Angus has been in the state of lonely and somber due to his father being enlisted in the Royal Navy to fight in World War II. Angus spent vast amount of time alone by himself, counting the days of his father’s return from national service. We are shown several tender flashback scenes involving Angus and his father. His mum (Emily Watson) hired Lewis, a handyman (Ben Chaplin) with a mysterious past, to help out household work in their huge mansion.
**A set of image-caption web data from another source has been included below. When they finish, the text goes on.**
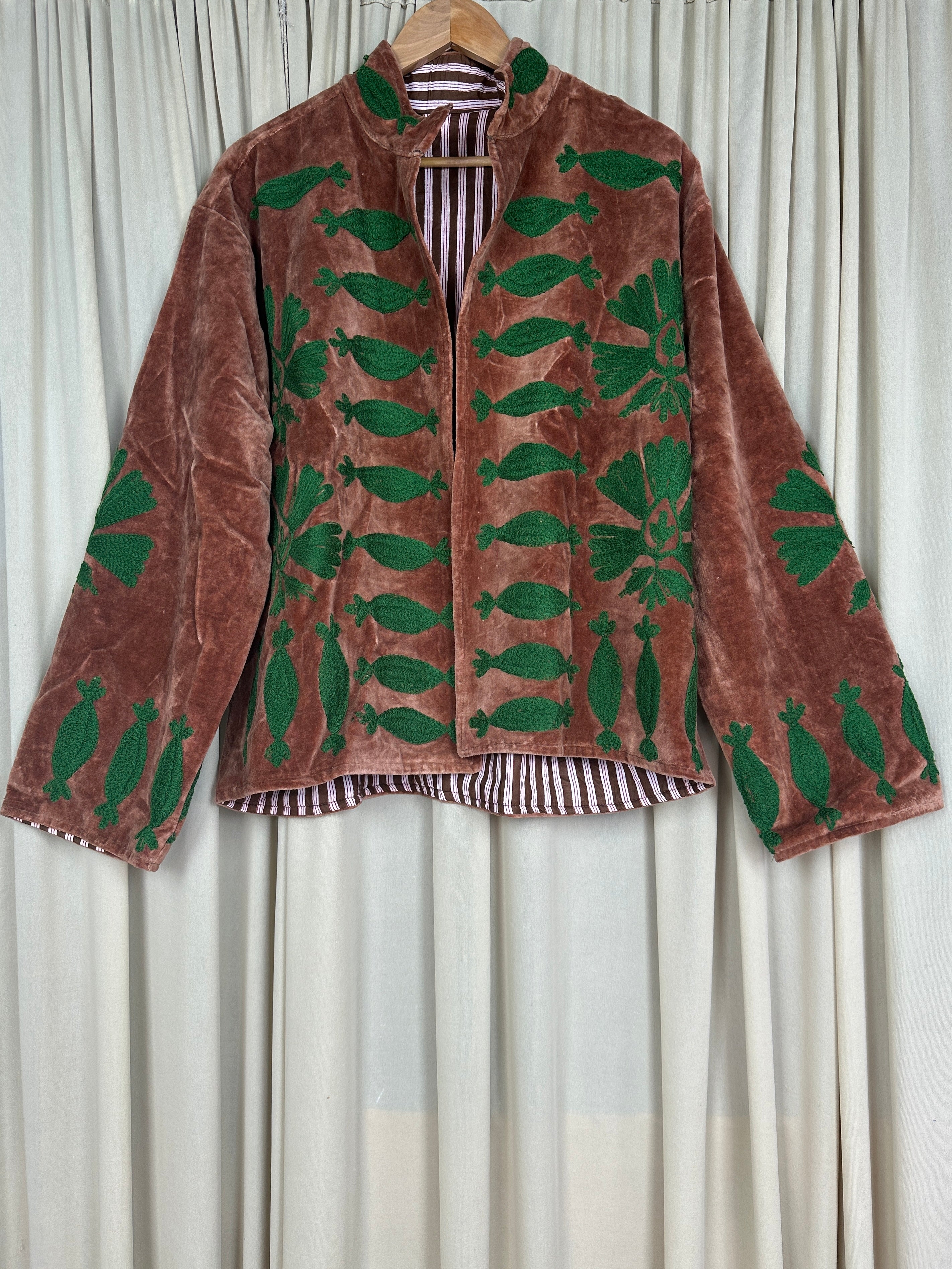 Boho Hand Embroidered Velvet Suzani Jacket, Brwon Floral Open Front Coat Winter Wear Free Size Robe Retro Chic Free Size Robe Blazer for Her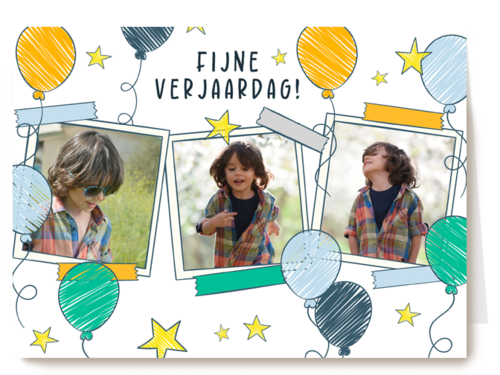 Fijne verjaardag 3 fotokaart ballonnen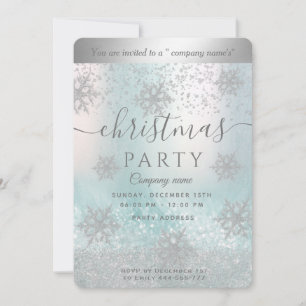 Silver snöflingor, jultomte party inbjudningar
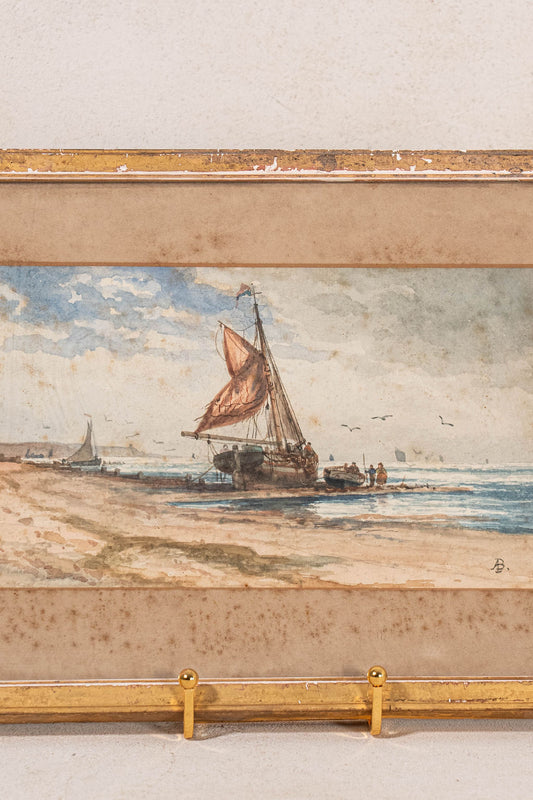 Antique French Original Watercolor attributed to Auguste Ballin (c. 1842-1885)
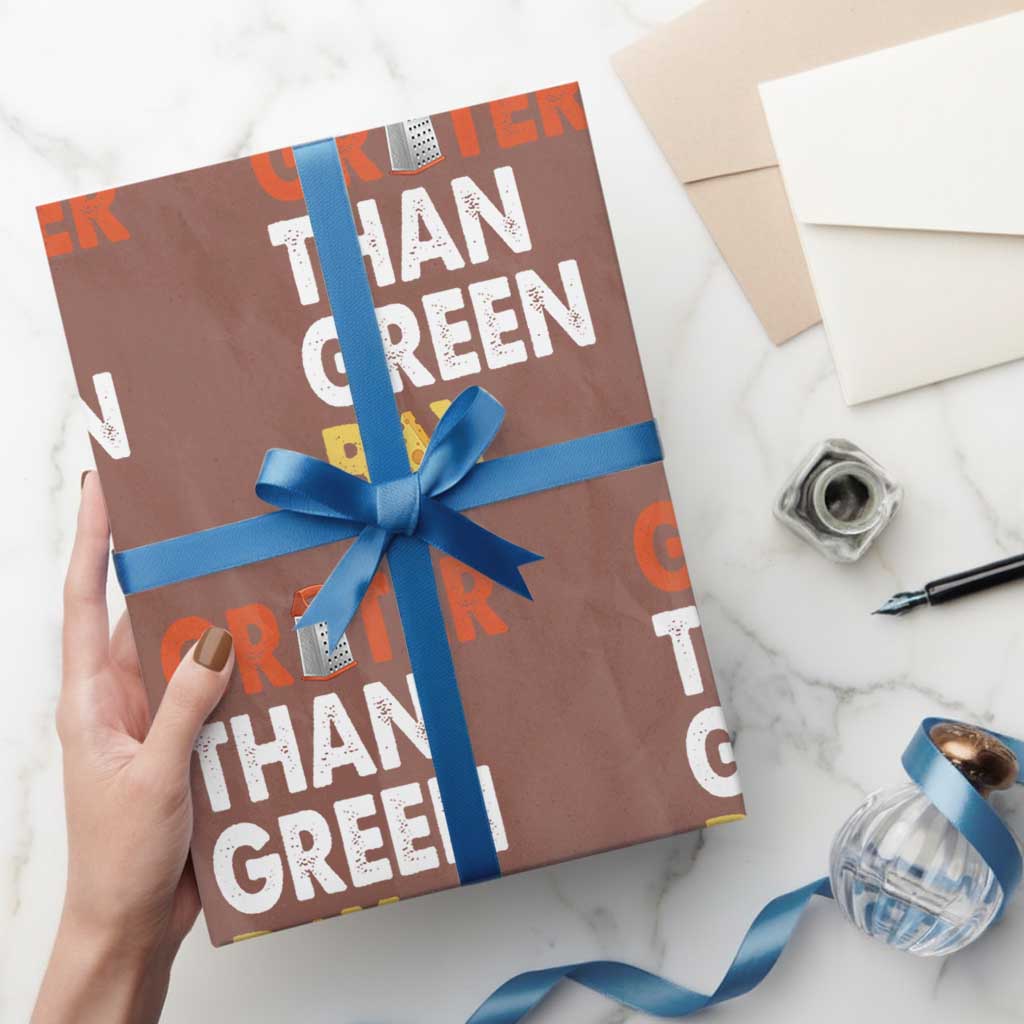 Funny Greater Than Green Bay Cheese Grate Wrapping Paper Roll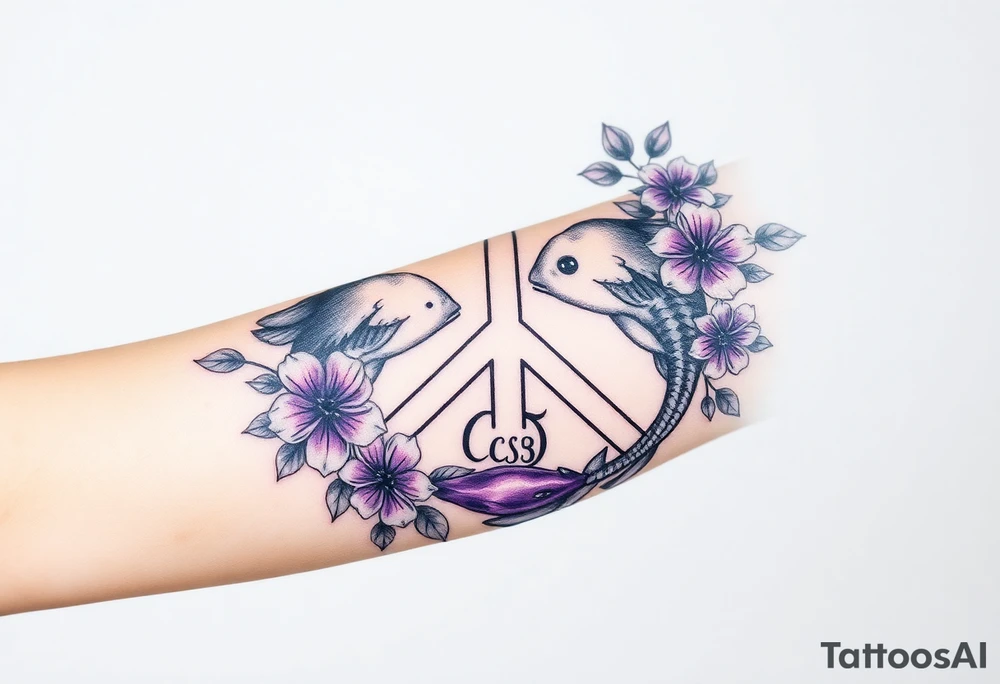 peace symbol filled with day prints and purple, Pisces symbol, intertwined with violets, amethyst, initials csb in cursive font tattoo idea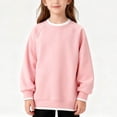 thumbnail image 1 of SELONE Kids Plain Crewneck Sweatshirts Long Sleeve Layering Top Ribbed Hem Oversize Sweatshirt Vacation Coat 4-15Y, 1 of 6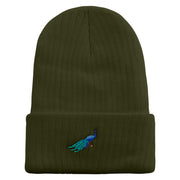 Made in USA Cartoon Peacock Embroidered Heavy Ribbed Cuff Beanie - Olive OSFM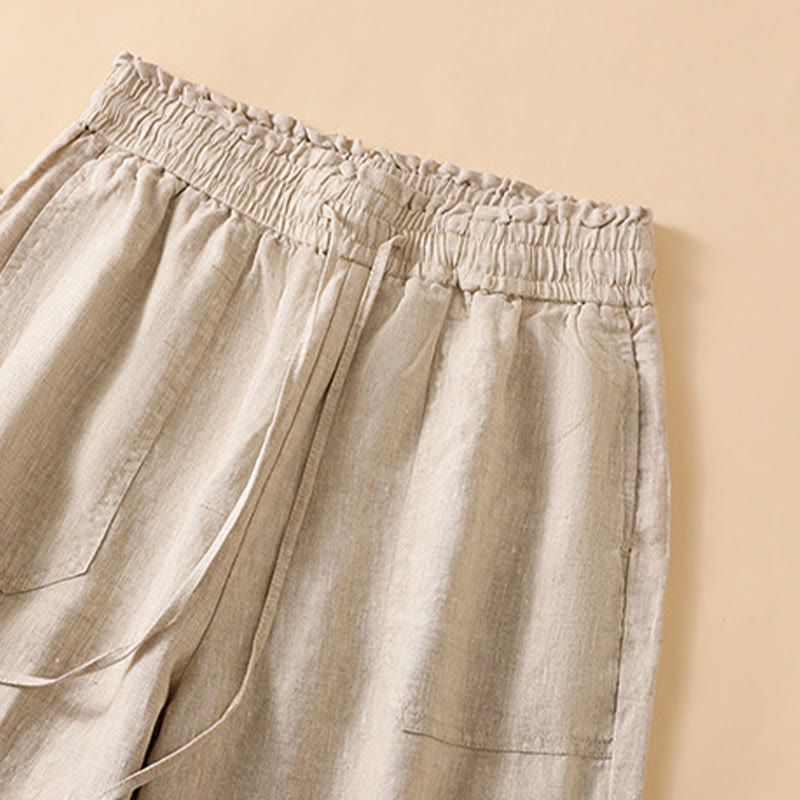 Buddha Stones Casual Straight Leg Design Cotton Women's 7-8 Length Wide Leg Pants With Pockets - image 5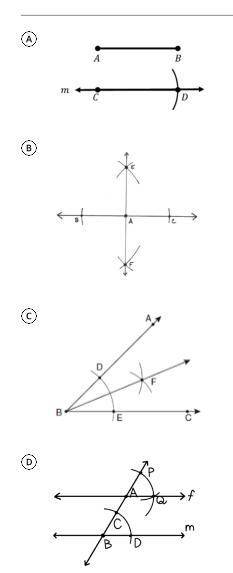 Which construction shows an illustration of parallel line segments through a given point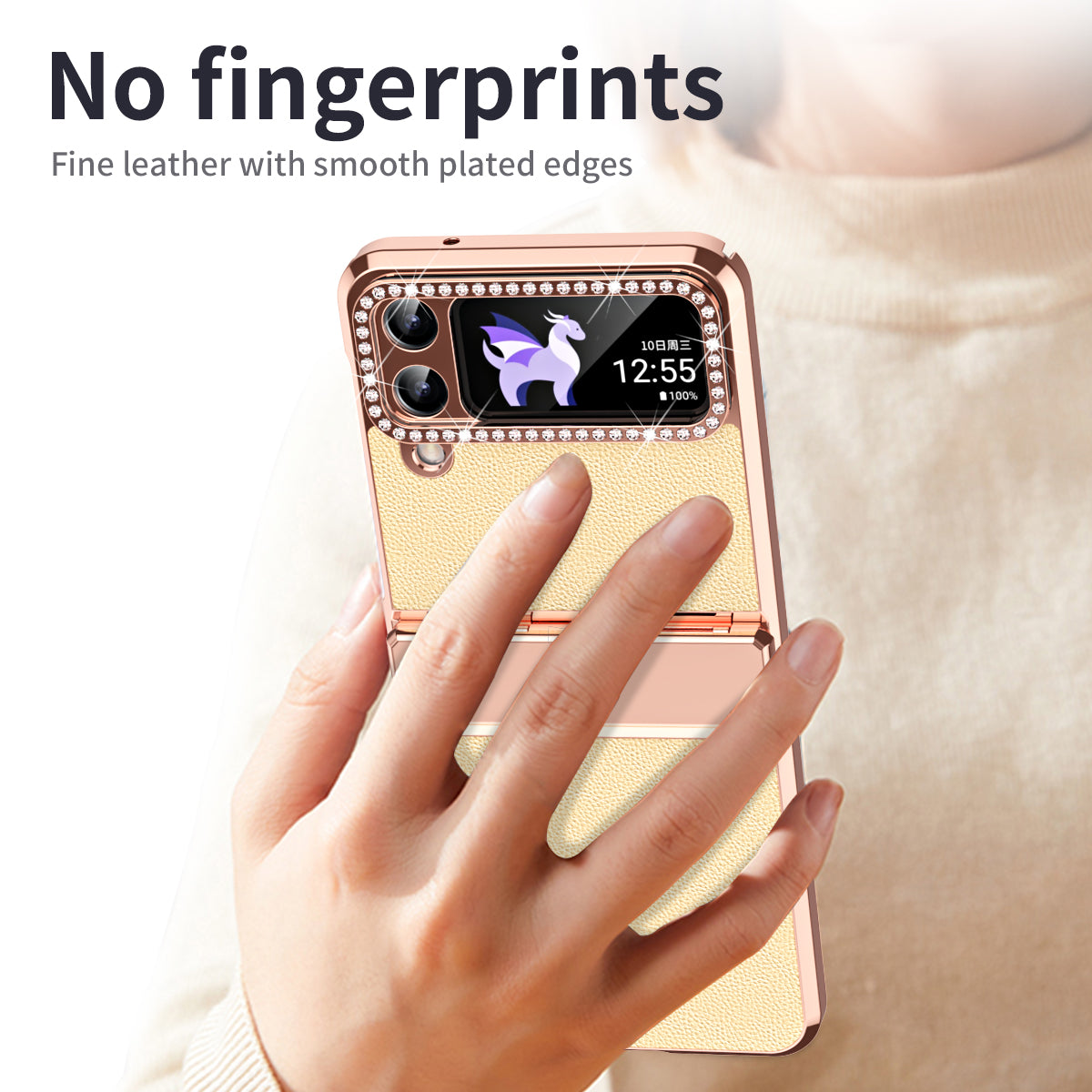For Samsung Galaxy Z Flip4 5G Hinge Protection Phone Case PU Leather+PC Electroplating Cover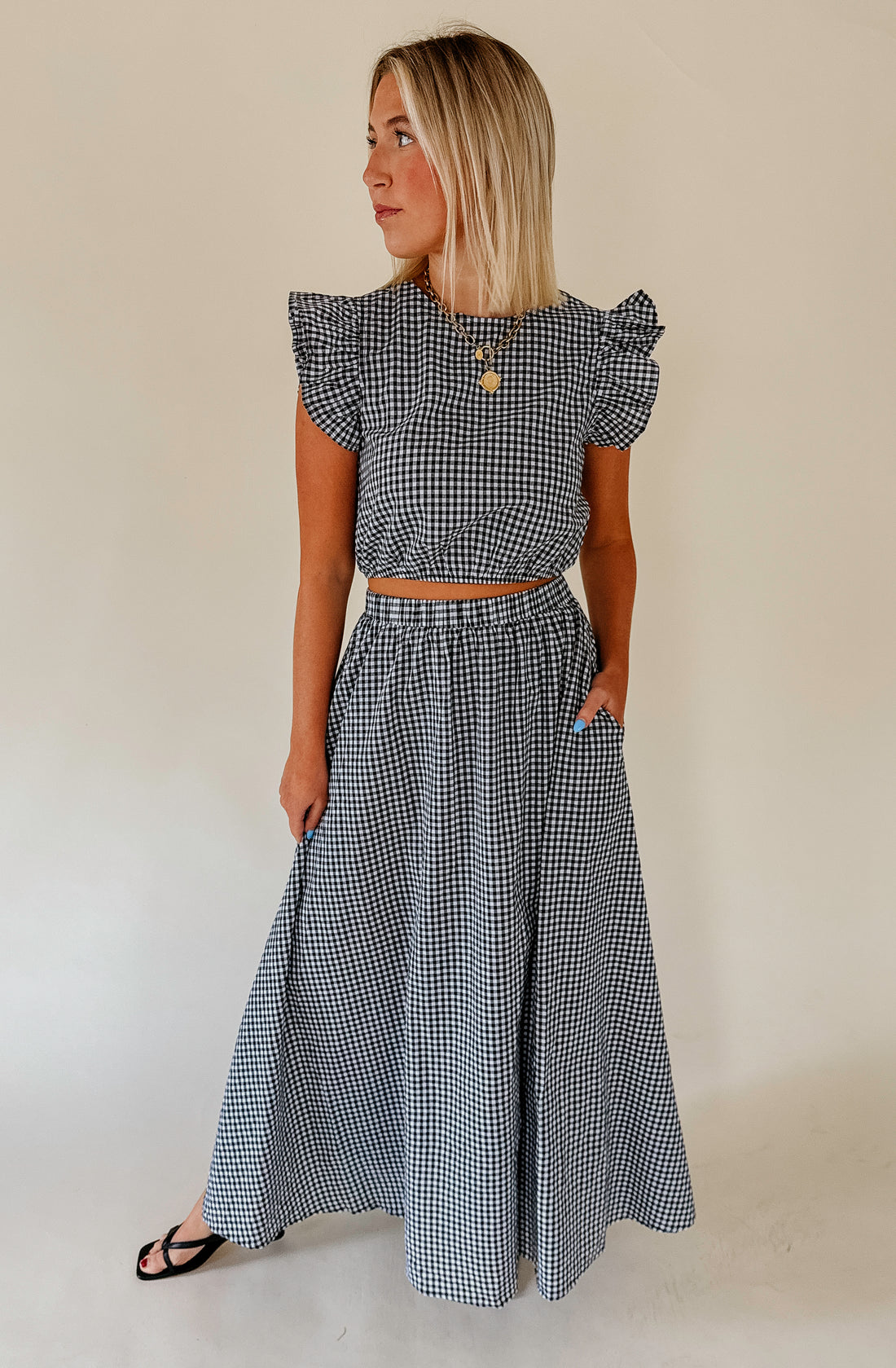 GAME ON GINGHAM MIDI SKIRT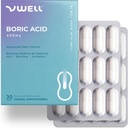VWELL Boric Acid 阴道套件 - 保持和平衡健康阴道pH & Microbiome 管理阴道痒症 燃烧刺激 亲密性 - 推荐医生(一个大小,30, 计数)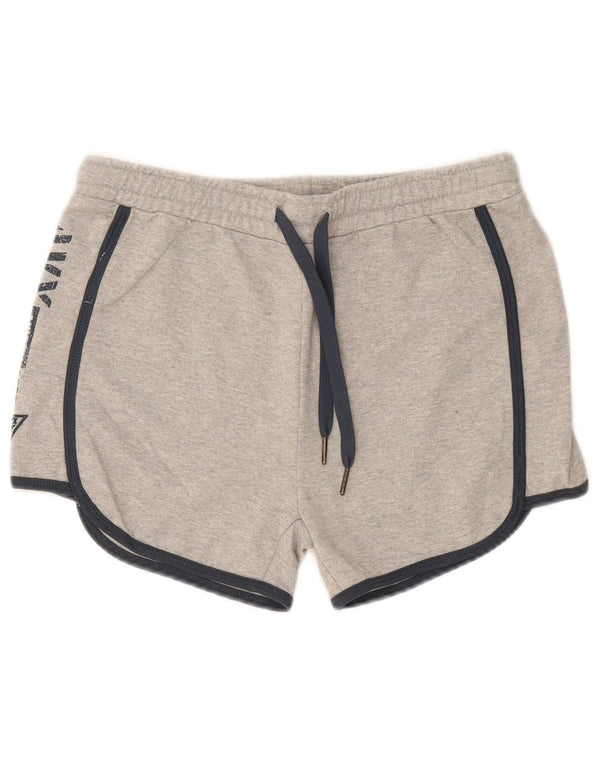 Shorts esportivos gráficos femininos Avirex UK 18 XL cinza manchado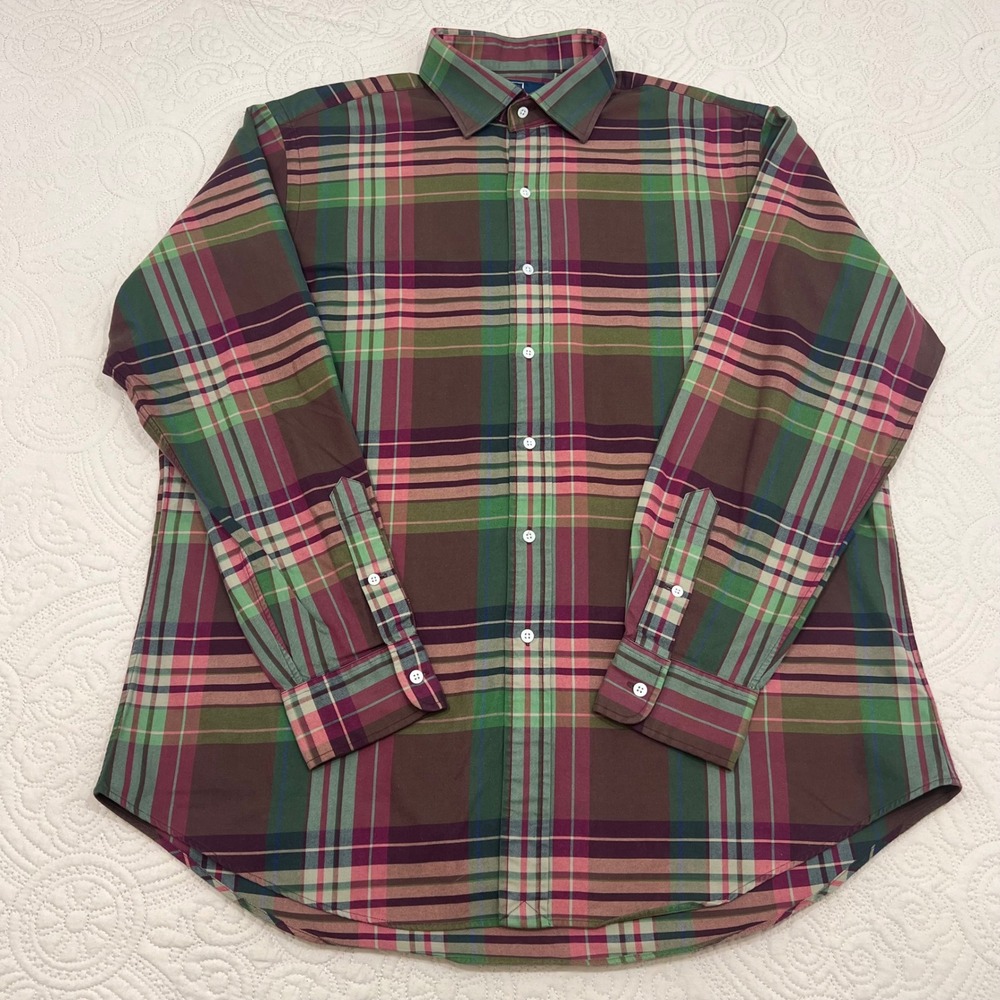 Polo Ralph Lauren Regent‎ Classic Fit Plaid Button Down Shirt Mens XL Green Pink - Picture 2 of 7
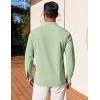 COOFANDY Men’s Henley Shirt Long Sleeve Lightweight Casual T-Shirt Summer Beach Hippie Tee Shirt(Light Green)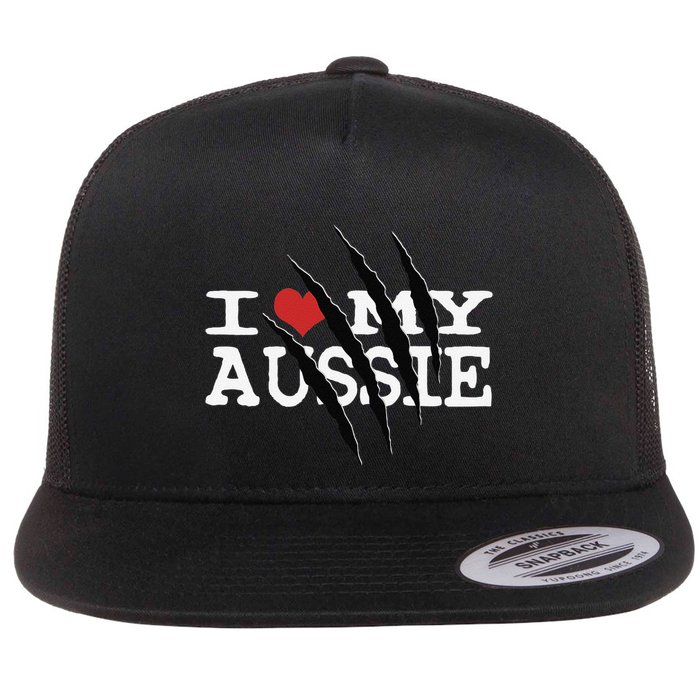 Funny Australian Shepherd I Love My Aussie Funny Aussie Flatbill Hat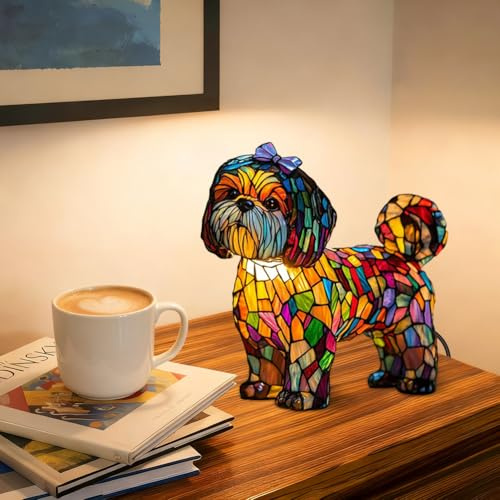 LOMUG Lampada decorativa in resina a forma di carlino, lampada LED per cani, classe energetica A, luce notturna per gli amanti dei cani, decorazione per la cameretta dei bambini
In the meantime, a troop of British troop led by Captain Hamilton (played by David Morrisey, somehow I cannot shake off his masochism expression from Basic Instinct 2) came and set up their defense base against a possible invasion from the German’s submarines.

Lewis eventually became a temporary father figured to Angus, helping him to hide his aquatic pet from his mother and the military troops. Bigger problem ensured when the bathtub is no longer able to contain Crusoe. It grew into a gargantuan creature and has to be set free into the nearby loch. Hostility erupted when Crusoe almost accidentally kill a soldier, in return, they retaliated with artillery weapons. Although in the end, the movie reaches a pleasing full circle, it perhaps paves the way for another adventure i.e. a sequel.

What I like about The Water Horse: LotD is the breathtaking scenery, the picturesque landscape, apart from actual Loch Ness, it was in fact, largely filmed in Lake Wakatipu, New Zealand. The setting of WW2 era in this movie is admirably fitted in this movie. Bizarrely, this family oriented movie (adapted from a children’s novel) sometimes can be unusually scary for small children’s viewing, namely, there is a time where the grown Water Horse - minus the cuteness, react uncontrollable, with full of violent anger after it was attacked with cannon bombardment, not to mention, it ate a British Bulldog!

The narration does not fully allow the boy to convincingly develop an affectionate relationship with the Water Horse. From the egg hatching moment to the effort of hiding the creature; from an adorable slippery baby transforming to a huge grunting beast. It should be a platform for the two of them to express their inseparable bonding, just like Jesse and Keiko the killer whale in Free Willy (1993), a movie with the same premise as this one, which managed to pose an aching catch-22 situation for audience: do we want them to be together, although the beast may have to forgo its freedom (or perhaps its life)? Or, hoping the beast to leap to its freedom, but abandon its friend?

1 star = Pathetic, SowYau feel ashamed of watching it
2 stars = Off the mark material, approach with caution
3 stars = Generally good, you should watch it if it's your favourite genre
4 stars = excellent, strongly recommended
5 stars = A classic status? only time will tell. But it is definitely in SowYau's Hall of Fame List

1 comment:

Anonymous said...

The Last of Mohicans, please!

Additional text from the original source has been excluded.